# Potato Pan Rolls



## smokeymose (Jul 9, 2021)

Good morning!
So it was ANOTHER rainy day so I decided to try another recipe from the Cast Iron Cookbook from Taste of Home.
This was my first time doing any kind of bread except cornbread from scratch, by the way...






The Mrs. supervised the kneading process and kept saying "More flour" LOL!
The dark specks are chives. I used leftover mashed potatoes and I usually add chives to mashed potatoes. Oh well.





After about 10 minutes rising it got separated into 16 balls and into a 10" skillet.
The book called for 2 8" pans but they fit perfectly in the 10". Go figure...





After rising in the pan for a half hour they went into the 400 degree oven.
They were done in roughly 20 minutes.









Not bad for a first timer, if I say so myself :-)

And here I thought sausagemaking was messy but breadmaking has it beat! Flour everywhere!

After today it's supposed to be rainy all next week (I'm getting worried about my tomatoes) so you may be subjected to more C.I. cooking....
Thanks for looking and have a wonderful day!
Dan


----------



## crazymoon (Jul 9, 2021)

SM, Your rolls look delicious!


----------



## tx smoker (Jul 9, 2021)

Those rolls look REALLY good!! Nice job, especially for a first attempt.



smokeymose said:


> And here I thought sausagemaking was messy but breadmaking has it beat! Flour everywhere!



Here here!! I know exactly what you mean. Every time I've tried baking from scratch the only thing I wind up making is a huge mess   

Robert


----------



## Brokenhandle (Jul 9, 2021)

Wow! I'm coming to your house on rainy days! I'll bring more butter cuz those rolls look amazing!

Ryan


----------



## chef jimmyj (Jul 9, 2021)

Beautiful Rolls and Congrats on entering the Wonderful World of Baking!
The 10" pan works fine, the rolls would have been about 20% bigger in 2-8" or 1-12" Pan.
Baking is Messy!
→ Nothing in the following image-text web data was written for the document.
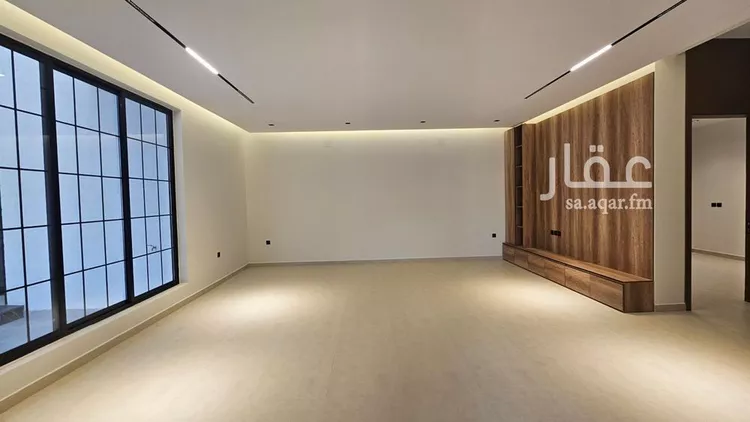 Villa for Sale in Riyadh Al Faruq صورة 5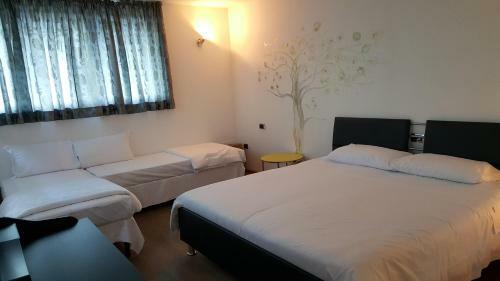 B&B Mele D'oro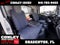 2023 ISUZU TRUCK NRR Base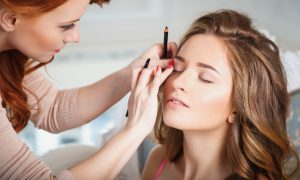 What Insurance do Self-Employed Make-Up Artists need?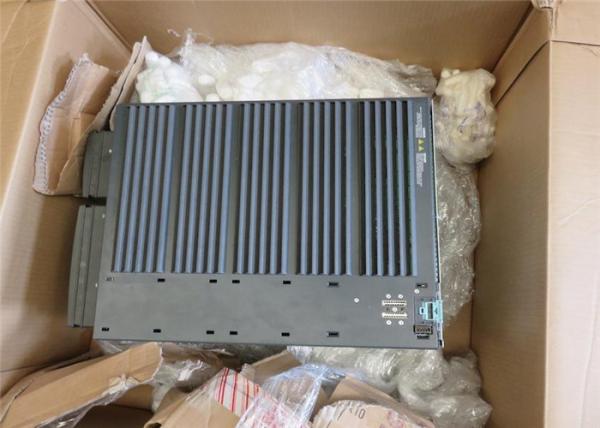 SIEMENS SINAMICS G120 Frequency Inverter 3AC 380-480V 45KW 6SL3224-0BE34-5UA0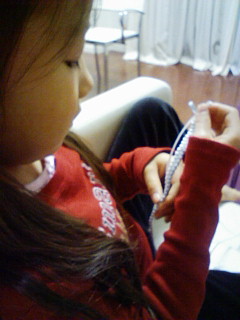 20080319225740.jpg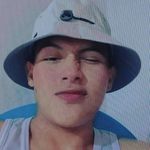 Henry Castro Cuello - @henrycastrocuello - Instagram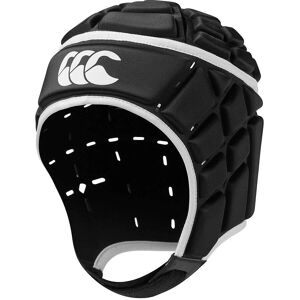 Canterbury CCC Core Rugby Helm - Schutz gegen Stöße Canterbury CCC Core Rugby Helm - Schutz gegen Stöße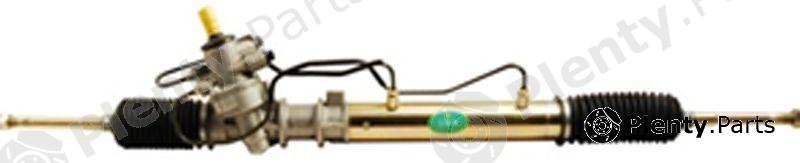  SAT part ST4420026350 Replacement part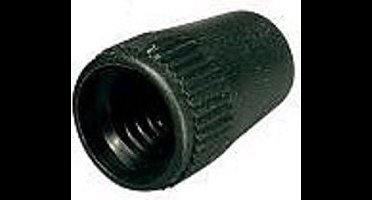 Gloria Klemmoer spuitstok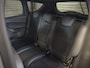 Ford Kuga 1.5 EcoB. ST Line | Carplay | Trekhaak | DAB | Stuurverwarming | Sony audio |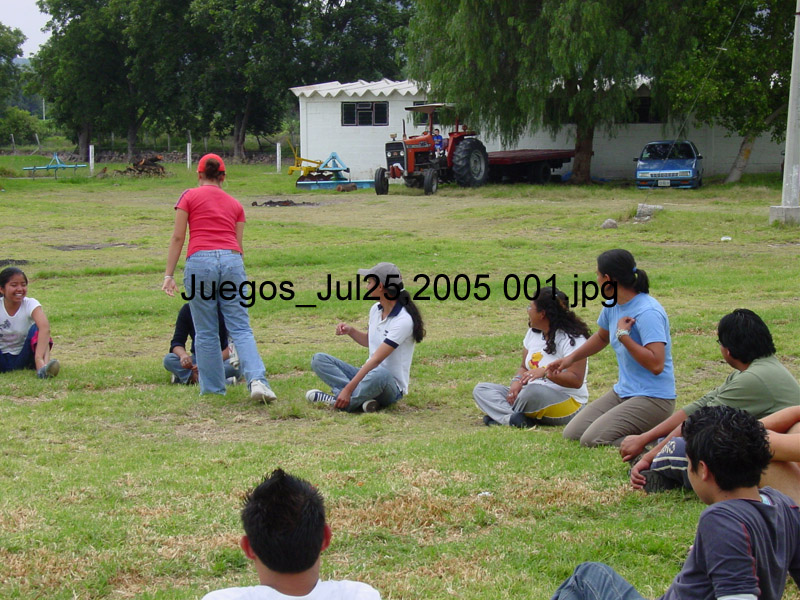 Juegos_Jul25,2005 001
I made Flat Bread for my Chicken Gyros last night. The floor and I were covered in Flour from all the rolling out and stretching the dough. My Wife and family all agreed, the result was totally worth the effort and mess...JJ


----------



## civilsmoker (Jul 9, 2021)

I do love homemade roles and those good in order for a rainy day for sure.  Nice work!


----------



## GaryHibbert (Jul 9, 2021)

Hey Dan.  Great job on those rolls, especially since it was your first time .  They look really good.



smokeymose said:


> And here I thought sausagemaking was messy but breadmaking has it beat! Flour everywhere!



You better believe it's messy.  Seems like every time I decide to bake bread, I'm wearing a black (but only when I start) t-shirt.  LOL
Gary


----------



## chef jimmyj (Jul 9, 2021)

GaryHibbert said:


> You better believe it's messy. Seems like every time I decide to bake bread, I'm wearing a black (but only when I start) t-shirt. LOL



Yep. And Fresh Clean Clothes at that. Not to mention, we always seem to bake, right after someone spent a couple hours Cleaning the Kitchen!☺...JJ


----------



## tag0401 (Jul 9, 2021)

I am going to have to try these out, they look great!!


----------



## pushok2018 (Jul 9, 2021)

Nice looking rolls! Like!


----------



## chopsaw (Jul 9, 2021)

Nice work !


----------